It's all about Alt Lit now.
Don't bother juxtaposing surreal and mundane scenarios and images any more.
Don't bother letting me know it's 'only writing.'
Don't bother letting me know these fictitious characters aren't real and my emotional pull towards their made up lives in made up situations is contrived.
Don't bother making no sense to confuse me into realising I was too 'into' what you've written.
Don't bother Alasdair Gray.
Don't bother Ian McEwan.
It's all about Alt Lit now.
This may be my most pretentious post yet.
So, I've been reading a lot of Alt Lit recently. And reading a lot about Alt Lit recently. What the fuck is Alt Lit?? Well, this kind of is.
As far as I can discern, the term is an abbreviation of 'Alternative Literature' with a deliberate nod towards computer lingo. On several different blogs this discussion has been raging recently, but the general consensus seems to be that it is fiction that utilises new social media as intrinsic to its form. The writers (such as Tao Lin, Marie Calloway) tend to be students or recent MFA graduates in their mid twenties. All have blogs. All publish stuff in chapbooks and on Facebook. Thank you Zuckerberg for creating a platform for a new medium of literature to spawn on. The style is brief, concerned with mundanity, cuteness and personal sadness. If you haven't read it yet, I suggest Calloway's Adrien Brody as a recent famous example.
Because it's so linked with social media, Alt Lit seems to also be very concerned with the writer, as apposed to the writing, in a very 21st Century Big Brother celebrity sort of way. Marie Calloway writes about a character called Marie Calloway having sex with older men who she's been chatting to on the internet. She posts pictures of her naked with semen on her face. People like me find it fascinating for some reason and spend their free time blogging about it. There's something a bit Jersey Shore about it all.
In some ways it's very direct. In others it's very pretentious. But then those at the forefront of a movement have always been considered pretentious trouble makers. Think establishment rockers like Dali, Van Gogh, Manet, Picasso, Joyce (again) etc etc. It's authentic to the writer as it comes directly from them, not through a publisher, resulting in more idiosyncrasies and more grammatical errors. It is essentially the literature of our time. Like it or not, you can't deny the contemporary-ness of it.

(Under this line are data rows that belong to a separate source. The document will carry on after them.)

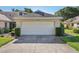 Attached garage with a clean, well-maintained door and concrete driveway at 236 Juniper Way, Tavares, FL 32778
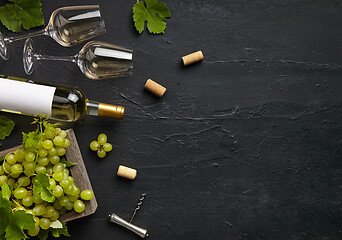 Image showing Top view of tasty fruit plate with the wine bottle on the black stone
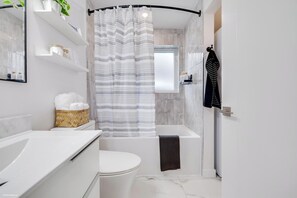 Ein modernes Badezimmer mit Duschvorhang, Toilette, Badewanne und Handtuchhalter.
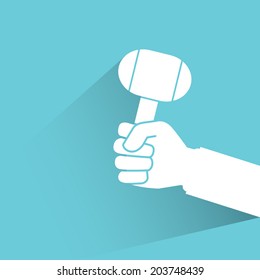hand holding lump hammer, blue background, flat and shadow theme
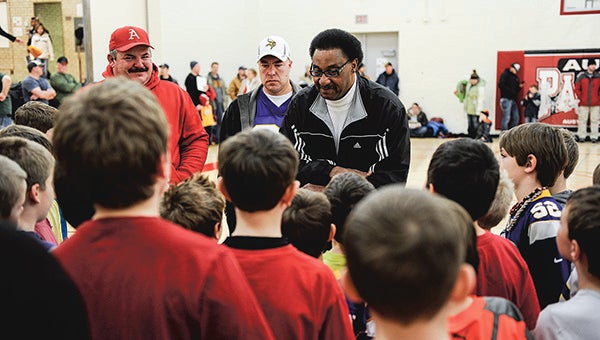 Former Minnesota Viking Chuck Foreman talks to kids before sending them off for drills during a camp by himself and another former Viking, Carl Lee, Saturday morning at Ellis Middle School. --Eric Johnson/Albert Lea Tribune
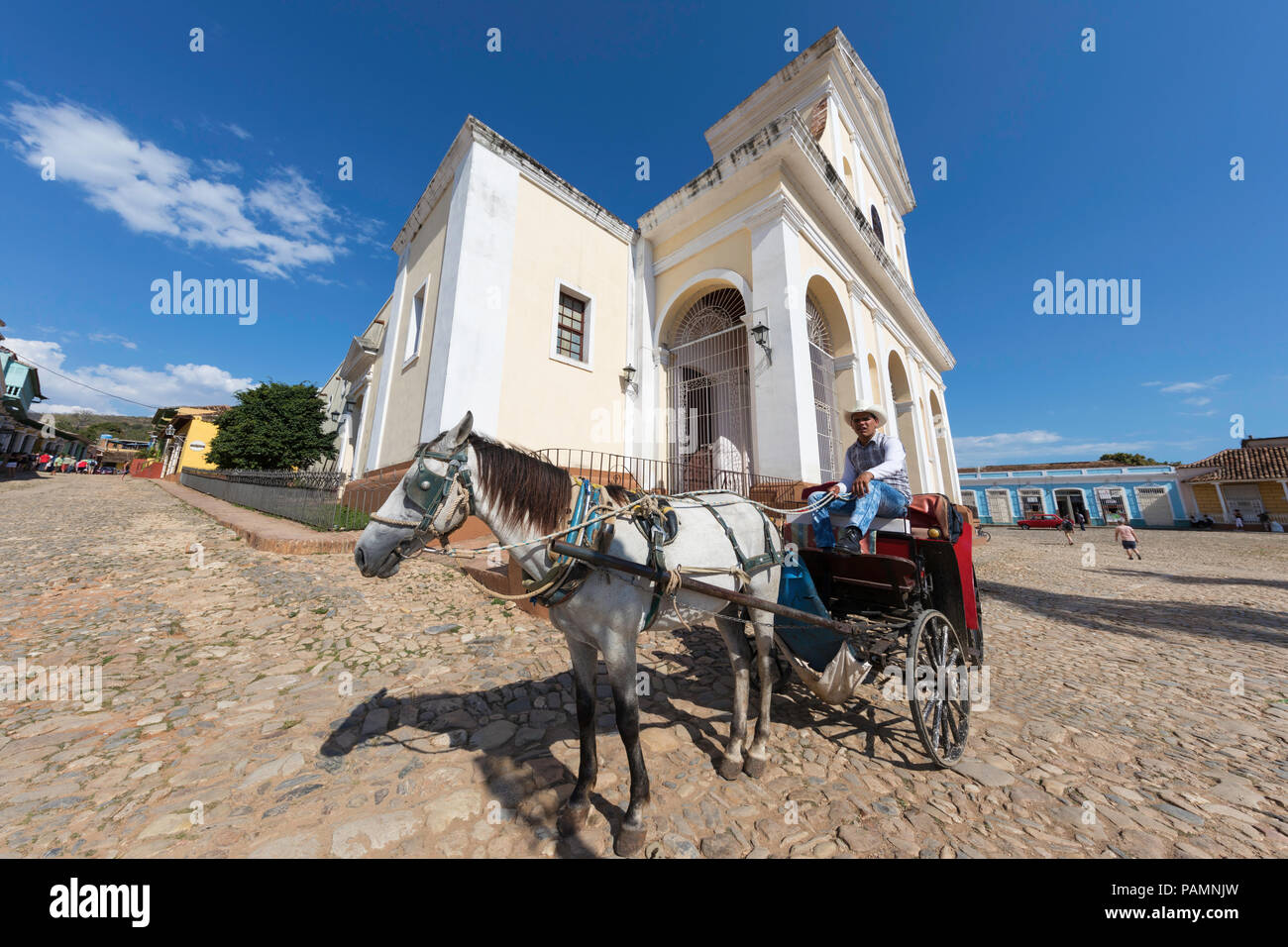 A horse-drawn cart known locally as a coche in Plaza Mayor, in the UNESCO World Heritage town of Trinidad, Cuba. Stock Photo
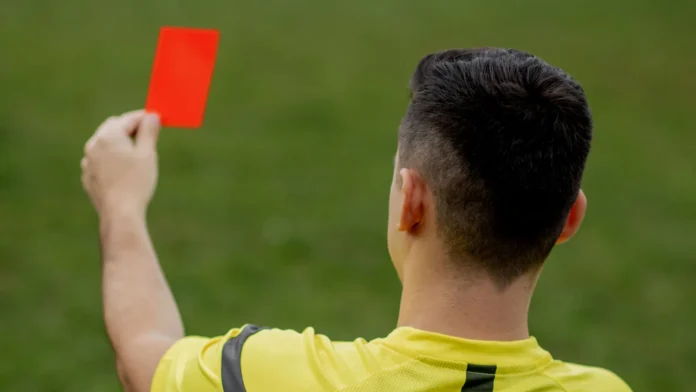 referee showing a red card to a displeased football or referee showing a red card to a displeased football or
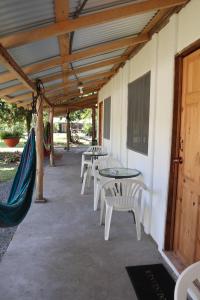 um pátio com mesas, cadeiras e uma rede de descanso em Amaya's Hostel em Jaloba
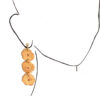 Puerto Rico long tostones earrings on ear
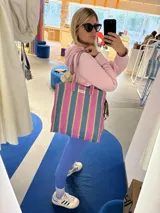 Bolso tipo tote bag con rayas verticales en tonos rosa, celeste y dorado. Tiene asas cortas rosas y etiqueta con la marca "AMÉN".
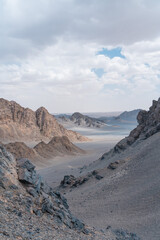 landscape that  clouds over the mountain in desert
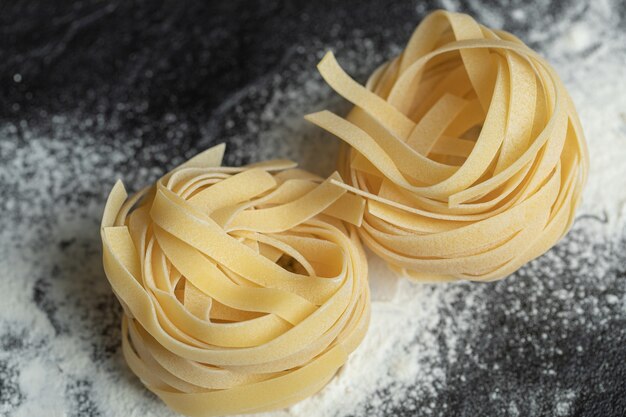 Raw dry nest pasta with flour on black.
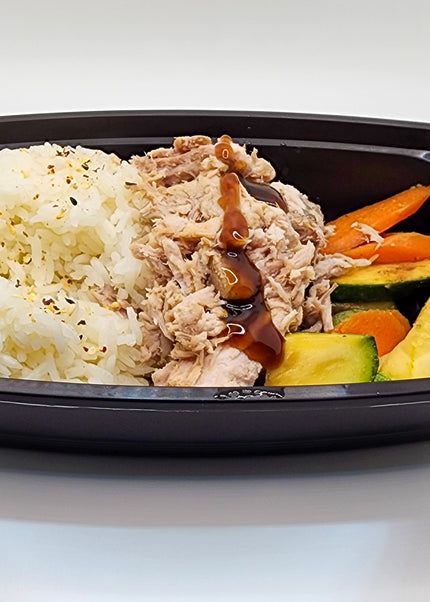 Hawaiian pork with pineapple glaze in a meal prep tray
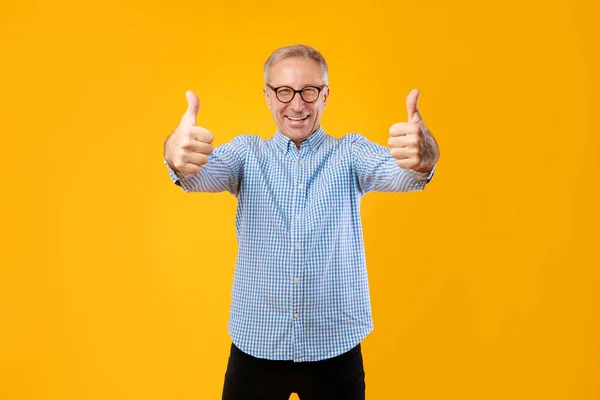 Happy mature guy gesturing thumbs up and smiling at studio — Stock Fotó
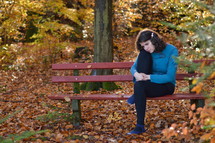a woman sitting on a bench in a park in fall lost in thoughts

I have just spent the last few hours writing a short story called Crying, about a couple who meet at a party and then have a vague relationship solely through email. I am probably going to include it in my little e-collection of short stories I am self publishing next month. The likelihood is also that I will publish it here first. While Alt Lit in theme I am hoping it will be not be so concerned with form that personal connection will be forgone. The general gist of the collection is an emphasis on personal disconnection, mostly through media connections. There's a story told solely through dialogue on gay dating app Grindr. There's internet blind dating. There's language and cultural barriers that make connecting with another person difficult. My intent is never to overshadow the emotional intent of the story with the way it's told - not in that way, anyway. I want them to be true - because what is the point of fiction if it isn't true?
I still don't have a title. Ideas??!